───── DATA SUPPLIED ─────

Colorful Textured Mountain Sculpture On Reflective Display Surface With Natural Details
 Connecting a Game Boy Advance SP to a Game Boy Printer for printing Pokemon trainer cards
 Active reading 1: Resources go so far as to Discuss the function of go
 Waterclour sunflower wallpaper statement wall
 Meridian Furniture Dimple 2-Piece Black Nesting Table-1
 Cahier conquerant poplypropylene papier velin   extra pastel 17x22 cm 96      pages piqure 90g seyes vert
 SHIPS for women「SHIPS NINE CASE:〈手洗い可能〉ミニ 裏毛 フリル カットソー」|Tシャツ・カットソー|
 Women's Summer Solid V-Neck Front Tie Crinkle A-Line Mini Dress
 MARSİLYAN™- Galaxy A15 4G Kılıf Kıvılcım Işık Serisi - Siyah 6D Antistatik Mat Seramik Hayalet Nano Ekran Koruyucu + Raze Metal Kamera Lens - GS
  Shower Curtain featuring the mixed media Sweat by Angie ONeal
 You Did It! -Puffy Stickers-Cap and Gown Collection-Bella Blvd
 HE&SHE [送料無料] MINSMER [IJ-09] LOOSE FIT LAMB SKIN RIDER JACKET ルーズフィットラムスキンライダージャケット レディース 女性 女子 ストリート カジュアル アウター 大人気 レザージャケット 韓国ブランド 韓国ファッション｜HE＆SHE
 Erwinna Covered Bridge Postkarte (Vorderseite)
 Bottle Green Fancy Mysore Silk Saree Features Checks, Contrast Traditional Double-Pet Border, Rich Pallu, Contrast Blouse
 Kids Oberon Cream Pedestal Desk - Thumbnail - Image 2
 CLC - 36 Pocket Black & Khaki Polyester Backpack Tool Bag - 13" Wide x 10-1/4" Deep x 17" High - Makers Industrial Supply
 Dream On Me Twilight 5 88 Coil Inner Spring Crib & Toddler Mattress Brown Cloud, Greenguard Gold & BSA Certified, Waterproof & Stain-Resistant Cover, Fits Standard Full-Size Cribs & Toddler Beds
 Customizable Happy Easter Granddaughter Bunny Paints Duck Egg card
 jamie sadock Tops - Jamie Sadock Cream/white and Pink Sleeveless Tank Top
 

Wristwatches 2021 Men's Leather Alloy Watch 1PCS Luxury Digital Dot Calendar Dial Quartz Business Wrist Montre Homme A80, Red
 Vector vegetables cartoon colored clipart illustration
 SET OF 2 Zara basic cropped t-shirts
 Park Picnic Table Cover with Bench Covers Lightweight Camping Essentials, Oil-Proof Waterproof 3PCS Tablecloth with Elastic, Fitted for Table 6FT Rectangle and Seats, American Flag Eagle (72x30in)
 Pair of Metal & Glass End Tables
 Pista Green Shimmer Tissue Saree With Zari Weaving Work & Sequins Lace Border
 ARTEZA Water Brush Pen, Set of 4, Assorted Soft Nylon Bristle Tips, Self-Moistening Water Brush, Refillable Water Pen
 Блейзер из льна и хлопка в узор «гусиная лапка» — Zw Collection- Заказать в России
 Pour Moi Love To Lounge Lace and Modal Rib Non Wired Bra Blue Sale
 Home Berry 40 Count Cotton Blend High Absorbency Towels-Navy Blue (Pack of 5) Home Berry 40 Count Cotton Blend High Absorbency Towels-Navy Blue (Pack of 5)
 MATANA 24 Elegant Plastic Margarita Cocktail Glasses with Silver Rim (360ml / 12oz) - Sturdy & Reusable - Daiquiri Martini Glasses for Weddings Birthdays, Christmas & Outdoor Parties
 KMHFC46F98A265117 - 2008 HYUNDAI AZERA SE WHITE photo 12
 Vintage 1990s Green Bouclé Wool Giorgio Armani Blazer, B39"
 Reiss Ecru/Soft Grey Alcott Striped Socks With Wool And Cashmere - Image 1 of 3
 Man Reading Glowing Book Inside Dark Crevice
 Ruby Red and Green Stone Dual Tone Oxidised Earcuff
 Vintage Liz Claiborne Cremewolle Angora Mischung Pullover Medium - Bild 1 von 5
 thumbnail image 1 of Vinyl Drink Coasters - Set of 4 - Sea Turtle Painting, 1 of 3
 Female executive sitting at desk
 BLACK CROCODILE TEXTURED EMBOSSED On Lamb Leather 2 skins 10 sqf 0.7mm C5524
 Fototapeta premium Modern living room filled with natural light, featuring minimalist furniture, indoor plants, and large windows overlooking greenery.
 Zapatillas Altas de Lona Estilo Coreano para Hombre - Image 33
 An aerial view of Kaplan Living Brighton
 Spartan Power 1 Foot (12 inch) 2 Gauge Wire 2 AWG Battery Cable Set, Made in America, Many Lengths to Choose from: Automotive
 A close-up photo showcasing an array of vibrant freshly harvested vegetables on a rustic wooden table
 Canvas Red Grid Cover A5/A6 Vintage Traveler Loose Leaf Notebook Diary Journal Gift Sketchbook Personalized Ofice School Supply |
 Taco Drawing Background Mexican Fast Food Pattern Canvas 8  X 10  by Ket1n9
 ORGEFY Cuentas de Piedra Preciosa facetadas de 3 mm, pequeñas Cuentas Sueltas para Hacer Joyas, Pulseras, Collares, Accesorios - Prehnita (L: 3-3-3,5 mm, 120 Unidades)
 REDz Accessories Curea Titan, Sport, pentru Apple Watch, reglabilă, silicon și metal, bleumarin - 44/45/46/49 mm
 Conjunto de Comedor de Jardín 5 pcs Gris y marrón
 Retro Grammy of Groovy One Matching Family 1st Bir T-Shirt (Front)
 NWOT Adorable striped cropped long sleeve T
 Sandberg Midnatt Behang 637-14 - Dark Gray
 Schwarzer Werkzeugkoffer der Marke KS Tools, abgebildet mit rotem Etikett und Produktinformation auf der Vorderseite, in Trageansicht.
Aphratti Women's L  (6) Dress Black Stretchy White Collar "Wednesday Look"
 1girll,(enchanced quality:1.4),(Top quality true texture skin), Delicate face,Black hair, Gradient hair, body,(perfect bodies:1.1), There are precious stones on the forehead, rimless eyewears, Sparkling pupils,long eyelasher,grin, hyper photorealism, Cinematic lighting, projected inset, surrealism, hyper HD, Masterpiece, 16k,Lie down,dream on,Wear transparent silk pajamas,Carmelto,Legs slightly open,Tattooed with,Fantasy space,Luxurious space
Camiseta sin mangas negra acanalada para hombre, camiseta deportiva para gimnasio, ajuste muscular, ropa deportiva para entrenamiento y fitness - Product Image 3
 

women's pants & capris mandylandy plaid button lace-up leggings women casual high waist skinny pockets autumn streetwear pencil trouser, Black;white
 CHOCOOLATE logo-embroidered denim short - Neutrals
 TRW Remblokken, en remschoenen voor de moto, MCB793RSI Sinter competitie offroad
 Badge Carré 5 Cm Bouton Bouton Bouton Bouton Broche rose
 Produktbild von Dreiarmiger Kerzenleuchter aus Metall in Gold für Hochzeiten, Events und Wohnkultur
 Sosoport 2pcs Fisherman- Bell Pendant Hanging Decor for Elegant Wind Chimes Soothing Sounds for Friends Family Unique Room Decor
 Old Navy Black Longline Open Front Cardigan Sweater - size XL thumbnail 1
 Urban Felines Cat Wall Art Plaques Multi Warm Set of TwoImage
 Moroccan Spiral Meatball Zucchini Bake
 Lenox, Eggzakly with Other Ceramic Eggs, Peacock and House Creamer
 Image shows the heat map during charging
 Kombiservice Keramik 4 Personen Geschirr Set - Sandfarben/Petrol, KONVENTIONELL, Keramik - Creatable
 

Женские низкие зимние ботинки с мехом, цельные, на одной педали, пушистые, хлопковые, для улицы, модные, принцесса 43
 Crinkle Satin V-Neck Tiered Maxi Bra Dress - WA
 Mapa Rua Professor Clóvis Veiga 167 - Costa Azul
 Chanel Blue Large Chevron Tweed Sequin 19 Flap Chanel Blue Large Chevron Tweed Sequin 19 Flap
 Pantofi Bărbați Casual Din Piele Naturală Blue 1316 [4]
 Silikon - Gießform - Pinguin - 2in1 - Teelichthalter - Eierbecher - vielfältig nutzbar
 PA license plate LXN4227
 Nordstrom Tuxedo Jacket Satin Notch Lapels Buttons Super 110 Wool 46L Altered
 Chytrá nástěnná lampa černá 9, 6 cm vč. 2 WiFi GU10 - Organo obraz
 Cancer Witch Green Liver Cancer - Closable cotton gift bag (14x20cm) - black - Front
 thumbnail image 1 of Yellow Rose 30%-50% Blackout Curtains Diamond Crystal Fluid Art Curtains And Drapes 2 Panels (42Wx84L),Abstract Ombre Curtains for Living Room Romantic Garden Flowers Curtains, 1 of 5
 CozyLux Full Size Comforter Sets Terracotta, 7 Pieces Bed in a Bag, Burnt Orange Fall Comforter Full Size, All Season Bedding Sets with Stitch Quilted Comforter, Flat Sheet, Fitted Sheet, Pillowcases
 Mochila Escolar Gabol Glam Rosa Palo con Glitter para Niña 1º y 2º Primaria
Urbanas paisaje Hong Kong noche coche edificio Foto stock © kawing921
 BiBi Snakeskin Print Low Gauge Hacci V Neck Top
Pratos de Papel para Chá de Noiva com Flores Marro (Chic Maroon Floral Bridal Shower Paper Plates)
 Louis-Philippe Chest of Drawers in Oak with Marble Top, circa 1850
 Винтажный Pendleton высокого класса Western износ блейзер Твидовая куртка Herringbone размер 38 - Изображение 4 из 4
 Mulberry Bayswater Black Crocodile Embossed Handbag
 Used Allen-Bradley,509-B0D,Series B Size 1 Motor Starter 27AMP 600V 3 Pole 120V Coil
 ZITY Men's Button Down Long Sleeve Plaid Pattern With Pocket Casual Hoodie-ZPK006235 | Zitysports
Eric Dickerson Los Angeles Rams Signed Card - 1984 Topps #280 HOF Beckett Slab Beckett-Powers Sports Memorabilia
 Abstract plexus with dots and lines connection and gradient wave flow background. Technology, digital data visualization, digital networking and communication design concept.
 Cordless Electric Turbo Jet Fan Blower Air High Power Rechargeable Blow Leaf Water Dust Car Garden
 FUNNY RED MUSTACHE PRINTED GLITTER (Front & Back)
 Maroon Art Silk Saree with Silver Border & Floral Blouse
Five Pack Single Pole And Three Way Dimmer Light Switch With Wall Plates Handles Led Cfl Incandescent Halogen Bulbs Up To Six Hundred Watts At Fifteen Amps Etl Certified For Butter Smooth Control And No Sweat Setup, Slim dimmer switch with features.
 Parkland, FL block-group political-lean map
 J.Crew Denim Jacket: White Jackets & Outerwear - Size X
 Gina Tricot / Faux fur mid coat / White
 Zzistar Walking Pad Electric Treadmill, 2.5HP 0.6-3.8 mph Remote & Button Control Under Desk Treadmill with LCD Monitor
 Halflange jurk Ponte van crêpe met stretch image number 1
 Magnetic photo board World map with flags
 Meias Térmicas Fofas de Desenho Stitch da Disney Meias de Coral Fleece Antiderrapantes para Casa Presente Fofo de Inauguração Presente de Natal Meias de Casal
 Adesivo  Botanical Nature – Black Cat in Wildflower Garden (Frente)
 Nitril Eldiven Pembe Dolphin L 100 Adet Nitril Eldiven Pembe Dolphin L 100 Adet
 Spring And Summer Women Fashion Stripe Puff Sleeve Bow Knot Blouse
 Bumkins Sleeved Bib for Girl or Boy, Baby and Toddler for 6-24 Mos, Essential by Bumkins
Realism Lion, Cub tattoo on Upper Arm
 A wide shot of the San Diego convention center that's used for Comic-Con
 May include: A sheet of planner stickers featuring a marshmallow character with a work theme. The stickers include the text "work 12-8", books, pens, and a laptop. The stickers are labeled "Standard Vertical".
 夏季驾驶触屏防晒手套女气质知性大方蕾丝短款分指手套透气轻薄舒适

─────

HOW TO COMPLETE THIS TASK: Out of the entries above, write out only the lines between the line holding "Canvas Red Grid" and the line holding "women's pants &", inclusive, each exactly as given.

PROBLEM SOLUTION:
 Canvas Red Grid Cover A5/A6 Vintage Traveler Loose Leaf Notebook Diary Journal Gift Sketchbook Personalized Ofice School Supply |
 Taco Drawing Background Mexican Fast Food Pattern Canvas 8  X 10  by Ket1n9
 ORGEFY Cuentas de Piedra Preciosa facetadas de 3 mm, pequeñas Cuentas Sueltas para Hacer Joyas, Pulseras, Collares, Accesorios - Prehnita (L: 3-3-3,5 mm, 120 Unidades)
 REDz Accessories Curea Titan, Sport, pentru Apple Watch, reglabilă, silicon și metal, bleumarin - 44/45/46/49 mm
 Conjunto de Comedor de Jardín 5 pcs Gris y marrón
 Retro Grammy of Groovy One Matching Family 1st Bir T-Shirt (Front)
 NWOT Adorable striped cropped long sleeve T
 Sandberg Midnatt Behang 637-14 - Dark Gray
 Schwarzer Werkzeugkoffer der Marke KS Tools, abgebildet mit rotem Etikett und Produktinformation auf der Vorderseite, in Trageansicht.
Aphratti Women's L  (6) Dress Black Stretchy White Collar "Wednesday Look"
 1girll,(enchanced quality:1.4),(Top quality true texture skin), Delicate face,Black hair, Gradient hair, body,(perfect bodies:1.1), There are precious stones on the forehead, rimless eyewears, Sparkling pupils,long eyelasher,grin, hyper photorealism, Cinematic lighting, projected inset, surrealism, hyper HD, Masterpiece, 16k,Lie down,dream on,Wear transparent silk pajamas,Carmelto,Legs slightly open,Tattooed with,Fantasy space,Luxurious space
Camiseta sin mangas negra acanalada para hombre, camiseta deportiva para gimnasio, ajuste muscular, ropa deportiva para entrenamiento y fitness - Product Image 3
 

women's pants & capris mandylandy plaid button lace-up leggings women casual high waist skinny pockets autumn streetwear pencil trouser, Black;white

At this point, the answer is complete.